Sharma did not respond to requests for comment on the allegations.
However, Alexander confirmed in an email to CBC that Sharma, who left Sun Peaks in 2019, has a habit of saying nasty things. He did not directly address the alleged 2016 remarks.
“We recently learned of Mr. Sharma’s inappropriate and disrespectful comments at the TIABC conference, and are very aware of some of his unacceptable comments in the past,” Alexander told CBC News in an email.
Bahula said he asked management for an apology several times, but nothing happened. In another email to Alexander on March 29, 2016 – more than two months after the town hall – Bahula asked him to sit down with a group of employees who continued to feel “uncomfortable, bad quality and embarrassed” following Sharma’s remarks.
Alexander told CBC he could not provide any details on how the hotel responded to complaints about Sharma’s behavior due to privacy laws, but added that the resort has “zero tolerance for discrimination or harassment”, as well as policies and training to uphold this standard.
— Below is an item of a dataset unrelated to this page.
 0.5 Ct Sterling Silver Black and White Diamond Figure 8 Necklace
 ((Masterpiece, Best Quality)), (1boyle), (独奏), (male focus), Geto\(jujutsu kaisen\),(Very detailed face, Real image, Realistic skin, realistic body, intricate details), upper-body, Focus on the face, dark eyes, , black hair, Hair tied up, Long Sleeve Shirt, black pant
“To the extent that there had been any historical complaints about any employee, including Mr. Sharma, these would have been dealt with in accordance with our policies. If, after an investigation, Sun Peaks had determined that there had been discrimination or harassment, we would have taken corrective action immediately,” Alexander wrote.
A former Sun Peaks Hotel housekeeper who also attended the 2016 meeting and confirmed Bahula’s version of events said he was angry to hear Sharma’s remarks this month.
“It pissed me off because I just remember how everyone in my workplace felt when we had those comments,” said the former Sun Peaks employee, whom CBC has agreed not to name. due to concerns about protecting his current job.
He said the independent consultant reviewing Sharma’s most recent comments had already contacted him to discuss the alleged Sun Peaks incident, and they were planning an interview this week.
The Fairmont Hot Springs Resort Board of Directors released few details about the third-party review, which was announced on Friday. Board Chairman Steve Giblin has yet to respond to questions about the scope of the review or whether it will include Sharma’s previous employment.
“It’s not just one person”
Meanwhile, outrage over Sharma’s comments sparked wider discussion about the role of women in the industry.
Joanna Jagger, founder and president of the WORTH Association for Women in Leisure, Tourism and Hospitality, said her organization was horrified to hear Sharma’s alleged remarks in 2016.
But, she said, “It’s not just about one person. It’s happening in every boardroom, for women in every part of our industry and others. “
Jagger said there is growing recognition within the industry that gender and racial equity efforts have lagged behind, and COVID has exposed even deeper issues, as women have become more likely to lose their jobs.
“A lot of women left the industry completely and chose not to come back,” she said.
“When we look at why women date, it’s due to higher levels of harassment, extreme burnout, unmanageable workloads, and cultures that don’t accelerate women or not show them the way to leadership roles.”